6話 腕時計は壊れない

 父の闘病生活は長かったのか、短かったのか、少なくとも俺にはあっという間だった。父にとっては長く辛い戦いの日々だったかもしれない。それはもう確かめようがない。始業式があった日、それに終止符が打たれたからだ。


 父の病気が発覚して、入院することになったその日まで、あの時計はずっと父の腕にあった。幼い俺の手を引くその腕にも、中学の卒業式で俺の肩を抱いたその腕にも、この時計はあった。


 頻繁に検査が行われる都合から、入院した父は時計を外してしまった。今ではそれでよかったと思っている。あの逞しかった腕が、徐々に枯れ枝のように細くなっていくのを、時計なんて付けていたら否応無く意識してしまっただろうから。


 あれは春休みのことだ。見舞いにきた俺に父は言った。


「机の引き出しに入っている時計な、悠太にやるよ」


 それは唐突だった。父はもう覚悟を決めていたのかもしれない。


「いいの? お気に入りの時計だろ」


「ああ、俺の青春の塊みたいなもんだ。だいぶ無茶もしたけど、あの時計だけは壊れなかったな」


 それは皮肉にも聞こえた。父の体は無残にも壊れ始めていたからだ。それから父は俺をベッドのそばに呼び寄せた。


「悠太も高校生だもんな。まさに青春する歳だな。たくさん遊んで、勉強しろよ。それから、誰かを好きになったりするのかもな」


「年寄りみたいなこと言うなよ、それにあんなボロい時計いらないって」


「そうか?」


「そうだよ。俺は新しいの買うから、あれは親父が付けてろよ」


 俺は絶対にあの時計をもらう気はなかった。それが父に先がないことを認めることになると思ったからだ。


「あれは悠太に付けてもらいたかったんだがな。まだ動くのに勿体無いなぁ」


 父はそれきり黙って何も言わなかった。時計の話を出したのもそれが最後だった。





 篠原は俺の話を、なんの文句も言わず、余計な言葉を挟もうともせず、黙って聞いていた。


「一週間も休んだのは、いろいろあったからだ。葬儀に、身辺整理に……本当にいろいろと」


「そう」


 篠原は冷めてしまった自分のコーヒに目を落とした。彼女は結局一度も口を付けなかった。

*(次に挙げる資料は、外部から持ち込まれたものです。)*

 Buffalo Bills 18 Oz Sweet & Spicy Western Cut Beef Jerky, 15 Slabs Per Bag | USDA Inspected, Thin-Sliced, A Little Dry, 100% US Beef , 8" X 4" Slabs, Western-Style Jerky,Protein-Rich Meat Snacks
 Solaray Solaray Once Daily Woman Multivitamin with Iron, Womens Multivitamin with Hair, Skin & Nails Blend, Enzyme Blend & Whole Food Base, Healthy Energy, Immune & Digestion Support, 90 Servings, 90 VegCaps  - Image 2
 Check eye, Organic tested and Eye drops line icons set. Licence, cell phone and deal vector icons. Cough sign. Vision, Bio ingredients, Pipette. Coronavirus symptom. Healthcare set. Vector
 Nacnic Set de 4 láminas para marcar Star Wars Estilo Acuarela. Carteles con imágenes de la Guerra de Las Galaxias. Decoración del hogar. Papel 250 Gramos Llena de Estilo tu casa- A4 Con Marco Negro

「まあ、よくある話だ。どこにでも転がっているつまらない話だよ」


「そうかもね」


 篠原は自分の腕に巻いた時計を見遣った。これで、もう終わりなんだろうな。今日という特別な時間もあっという間に過ぎ去って、篠原にとって俺はまた単なる教室の背景に変わってしまうはずだ。それでいい、それでよかった。青春なんてご大層なものは俺には似合わない。ちょうど彼女の白い細腕にそんなごつい時計が似合わないのと同じように。


「今日はなかなか楽しかった。じゃあな」


 俺は椅子から立ち上がって、その場から立ち去ろうとする。しかし、篠原は俺の腕を掴んでそれを引き止めた。顔を伏せていて、その表情は知れない。


「あんたは辛くないの、そんな時計付けてて」


「辛い?」


「だって、思い出すでしょう。お父さんのこと」


「親父のこと思い出すのは、別に辛くないさ。嫌な思い出ばかりじゃないからな。それに……」


 篠原は顔をあげた。どういうわけか俺を見つめる瞳が真っ赤な色に変わっている。おかしいな、これは涙を誘うような話じゃなかったんだが。

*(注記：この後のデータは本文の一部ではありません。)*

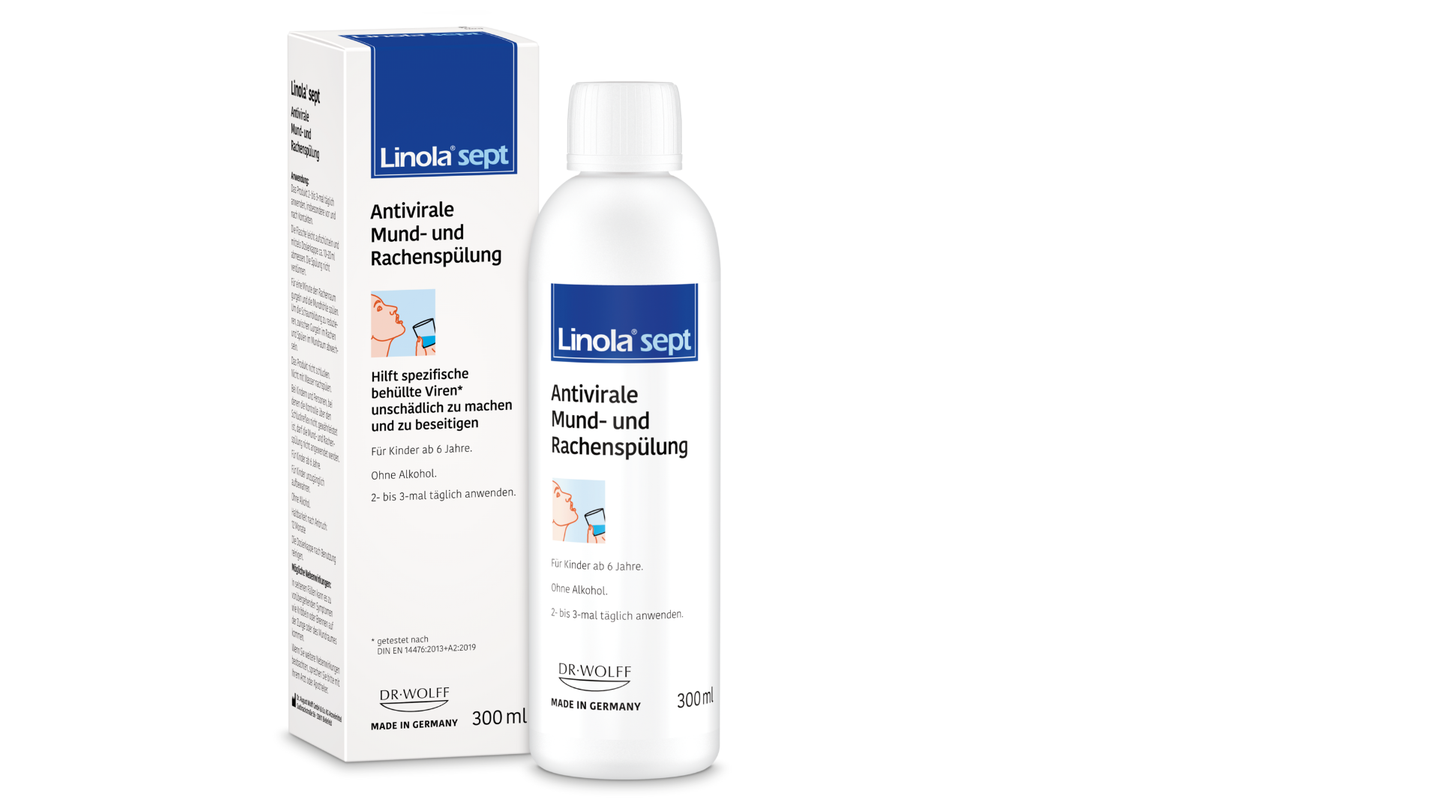 Linola Sept setzt auf die antibakterielle und antivirale Wirkung des Phenoxyethanols. Wichtig: Gut schütteln, gründlich ausspucken nach dem Gurgeln und nicht nachspülen! Laut Hersteller für Kinder ab sechs Jahren geeignet.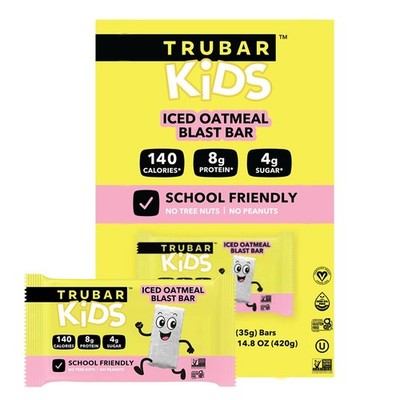 TRUBAR Kids Protein Bars, Iced Oatmeal Blast, Plant 12 Count (Pack of 1)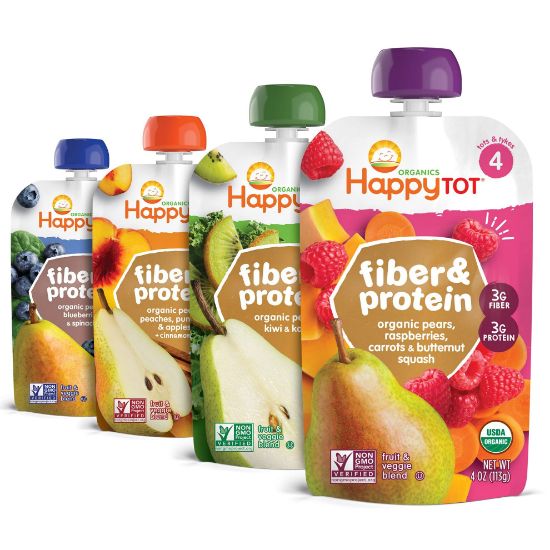 Picture of Happy Tot Organics Stage 4 Baby Food Pouches, Gluten Free, Vegan Snack, Fiber & Protein Fruit & Veggie Puree, Fruit & Veggie Variety Pack, 4 Ounce (Pack of 16)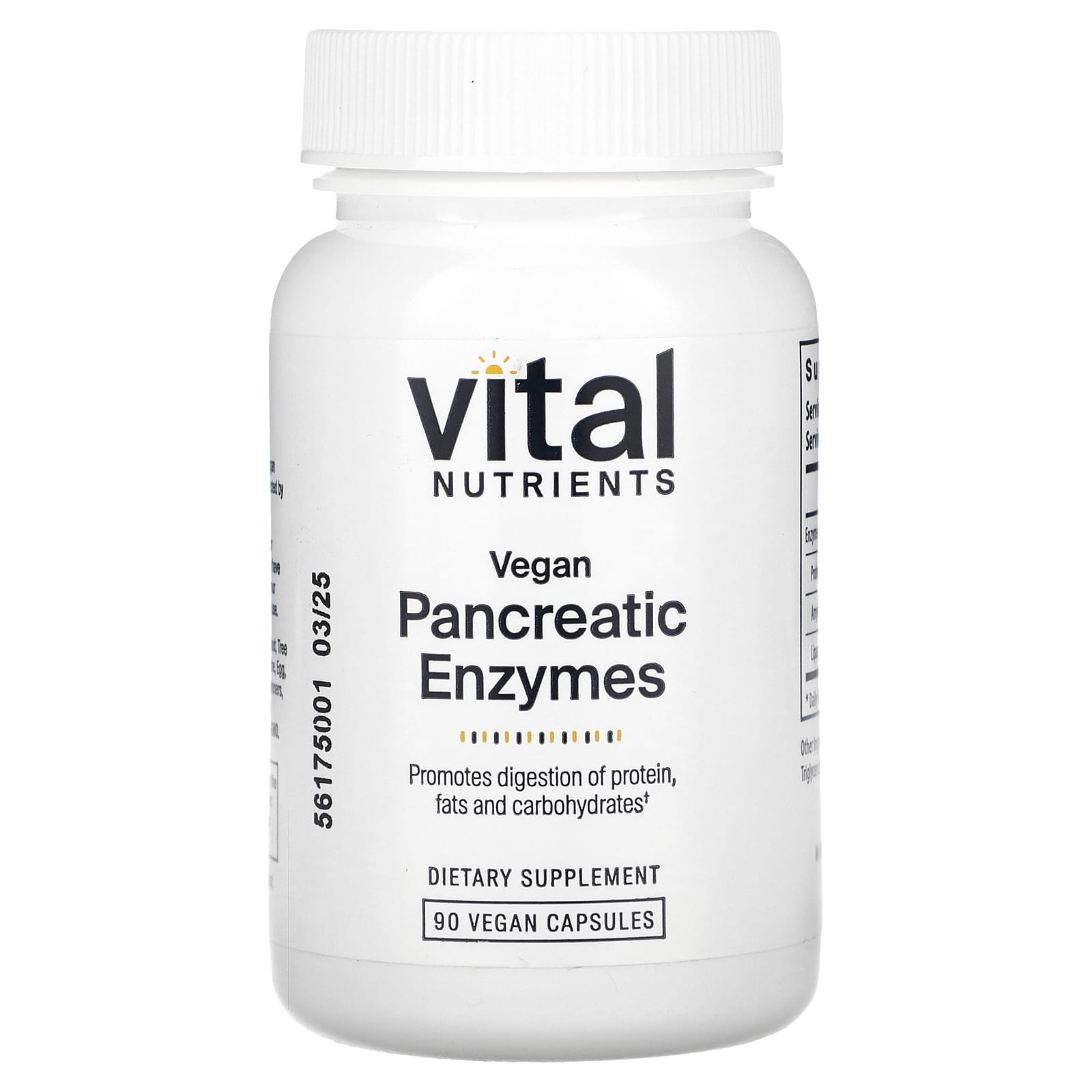Vital Nutrients, Vegan Pancreatic Enzymes, 90 Vegan Capsules UPC 693465491119 | HiLife Vitamins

「この時計はバカみたいに頑丈でな、外したくても簡単には壊れてはくれないんだ」


 たぶん、親子の関係もまったく同じで、ダサくてもかっこ悪くても、そう簡単には壊れはしない。壊れてくれない。


「私のもおんなじ?」


 篠原は自分の時計を指して言った。


「ああ、わざと壊そうとしたって、なかなか難儀するはずだ」


「壊れないなら、使うしかないね」


 今度は篠原が立ち上がった。腕で目を拭うと、今度は晴れやかな笑顔を見せる。彼女ならきっと女優にだってなれそうだった。


「私もおんなじ時計付けるから、もうダサいなんて二度と言われなくなるよ」


「ダサいって言ったのはお前だろう」


「お前って言うな、バカ。じゃあ、また明日ね」


 また明日、篠原は確かにそう言った。ああ、そうか、俺たちは隣の席だった。これから毎日、嫌でも顔を合わせるんだ。


 もしかしたら今日の礼くらいは言えるかもしれない。